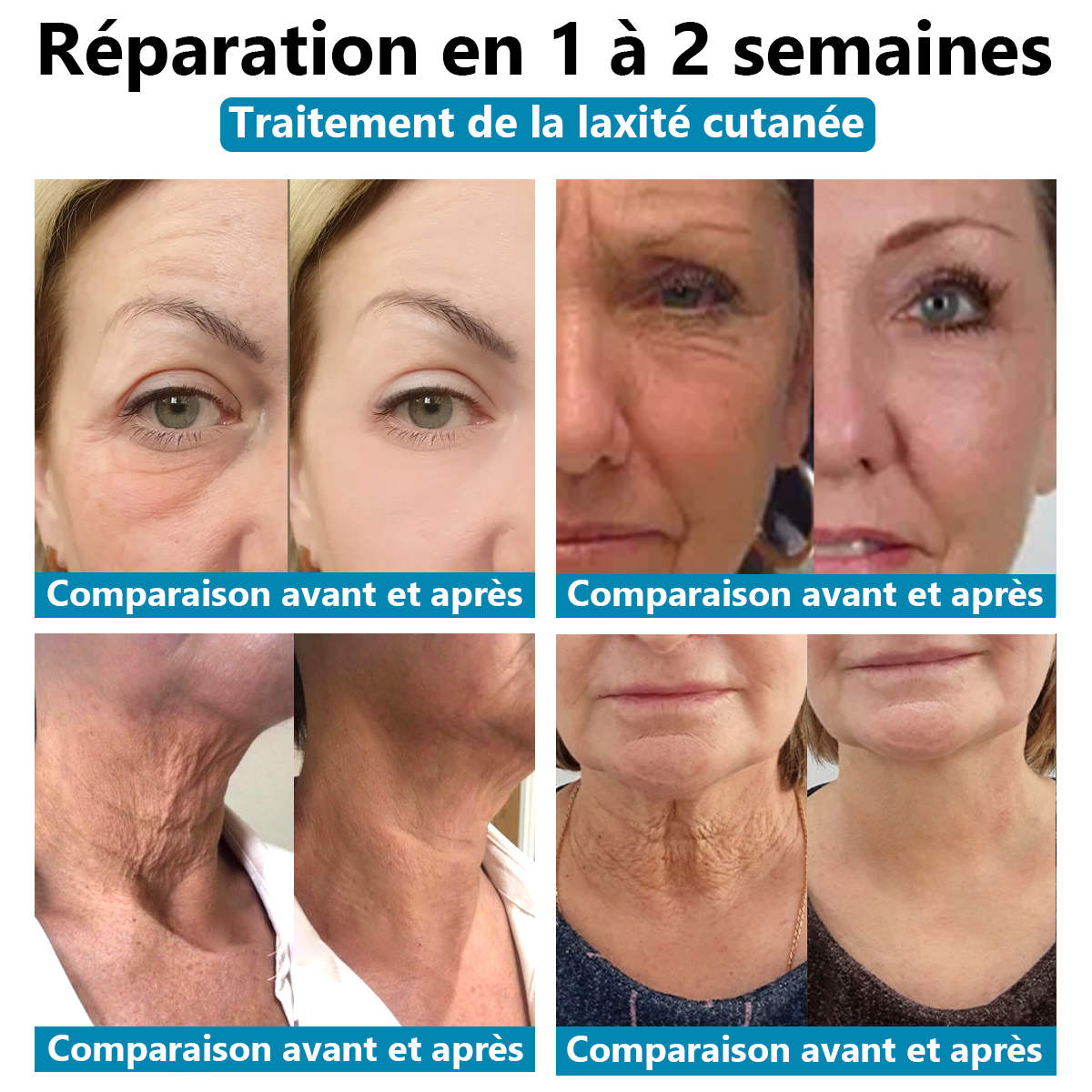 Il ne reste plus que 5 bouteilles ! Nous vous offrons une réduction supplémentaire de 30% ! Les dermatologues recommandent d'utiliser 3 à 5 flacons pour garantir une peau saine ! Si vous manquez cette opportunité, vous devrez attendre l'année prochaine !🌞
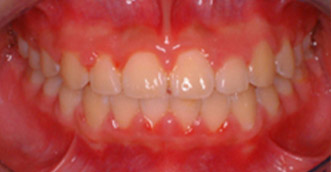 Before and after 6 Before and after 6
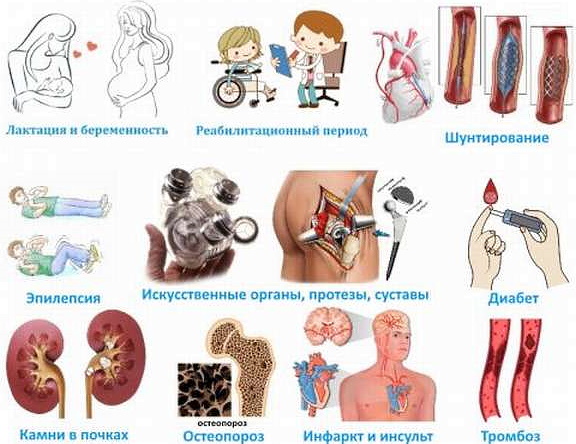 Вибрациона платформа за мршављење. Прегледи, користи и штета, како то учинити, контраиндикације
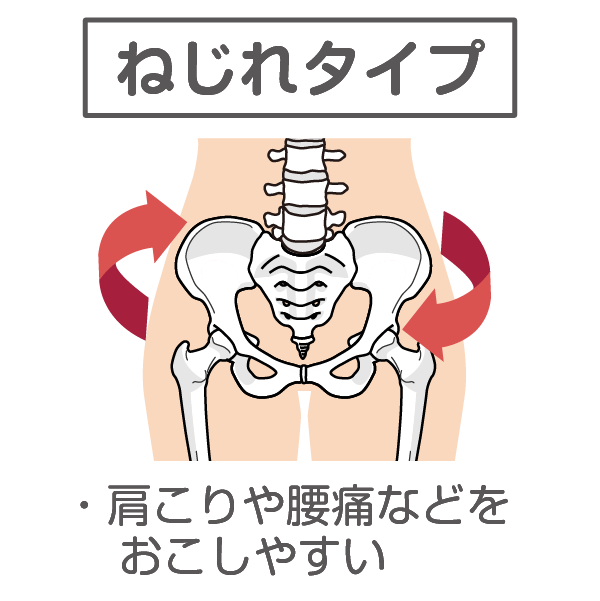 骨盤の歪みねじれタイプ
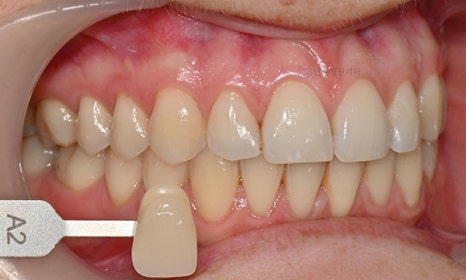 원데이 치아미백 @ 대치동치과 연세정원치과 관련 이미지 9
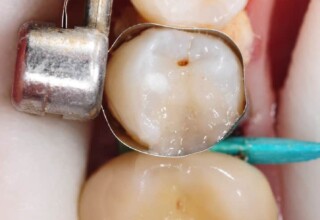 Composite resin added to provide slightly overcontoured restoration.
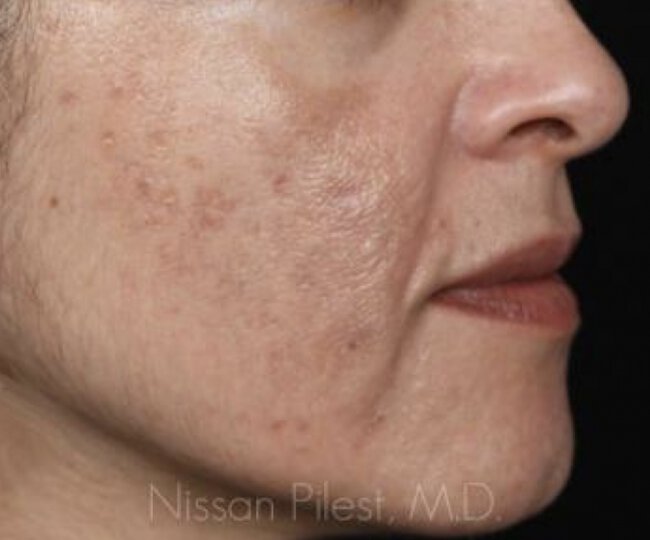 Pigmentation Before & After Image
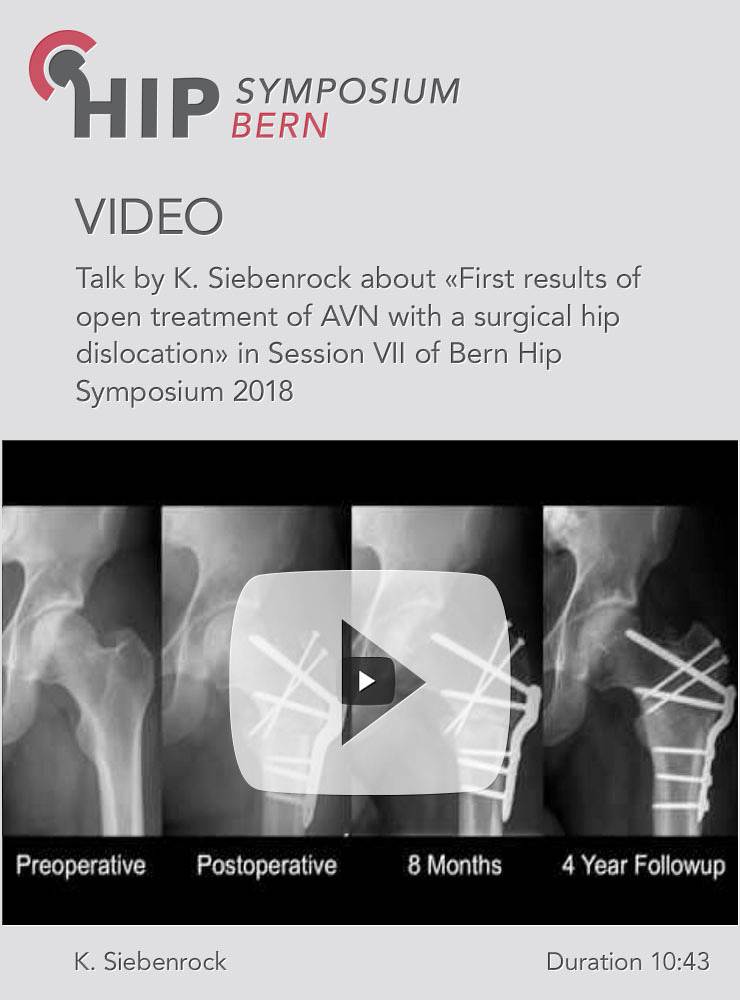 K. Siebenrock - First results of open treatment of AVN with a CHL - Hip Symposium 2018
═══
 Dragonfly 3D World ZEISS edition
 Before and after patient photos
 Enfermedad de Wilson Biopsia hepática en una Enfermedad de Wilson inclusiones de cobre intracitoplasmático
═══
• [What this task involves]
Would you write out exactly the lines above, starting at the line containing "骨盤の歪みねじれタイプ" and stopping after the line containing "K. Siebenrock - First"? Omit the pictures.

• [Exercise output]
 骨盤の歪みねじれタイプ
 원데이 치아미백 @ 대치동치과 연세정원치과 관련 이미지 9
 Composite resin added to provide slightly overcontoured restoration.
 Pigmentation Before & After Image
 K. Siebenrock - First results of open treatment of AVN with a CHL - Hip Symposium 2018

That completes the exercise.